The concept of karma was hard for me to grasp at the age of eight, so I thought of it as a reward from a higher being for doing something good. As I began toying with my new concept, I would often say (to no one in particular), what good I had done in this world, just in case the higher being had not seen my actions. My mother, who explained karma to me, was not a firm believer in it, but supported me doing good things and in return for my actions, would reward me.
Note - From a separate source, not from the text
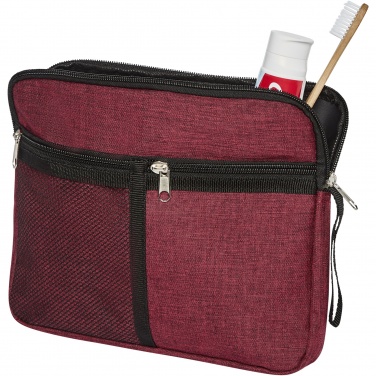 Logo trade advertising products picture of: Hoss toiletry pouch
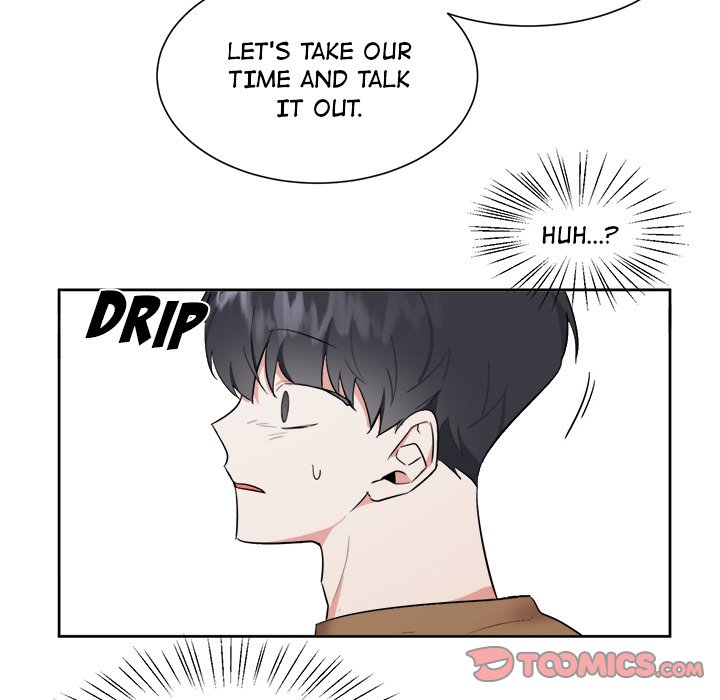 Unluckily Lucky Chapter 38 Page 45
This went on for a month or so before my mother noticed that I had not yet grasped the other half which completed yin-yang of karma. I was doing good things for the world but had not stopped my incorrect actions. In return of me disobeying her, she one day mentioned bad karma. My mother did this not to scare me but to enhance my teachings of karma, and it worked. Taking bad karma into thought not only improved my character, it improved my reputation.
My teachers and colleagues started to notice the difference in me and my fighting decreased as did my referrals at school. By age eleven my karma beliefs were in full swing, I was positive it was there and I believed in the rewards and punishments of karma. The beliefs I had of getting good karma were intensely focused towards helping the environment and the small living beings in our world. I would never hurt or kill animals unless the meat could be used, and when I saw pain to an animal as a result of my friends I immediately stopped it. As for the environment I would never litter and, occasionally, I picked up trash.
Back then, karma was only a minor factor in my life; I would not litter, do what was right, (once in a while), and a few other things. Now, in my early years of teen-hood my beliefs have reached a level of insanity. I am still following my early beliefs but have taken them to a level at which I go back if my friend has littered and pick up the trash. By now my liking of karma has vanished and it has been replaced with hatred. I do not enjoy obeying the rules of karma but I can not stop, it is like an addiction that won’t let go of me. Although it has been hard to enjoy it I owe a great thanks to karma for influencing a better side of me.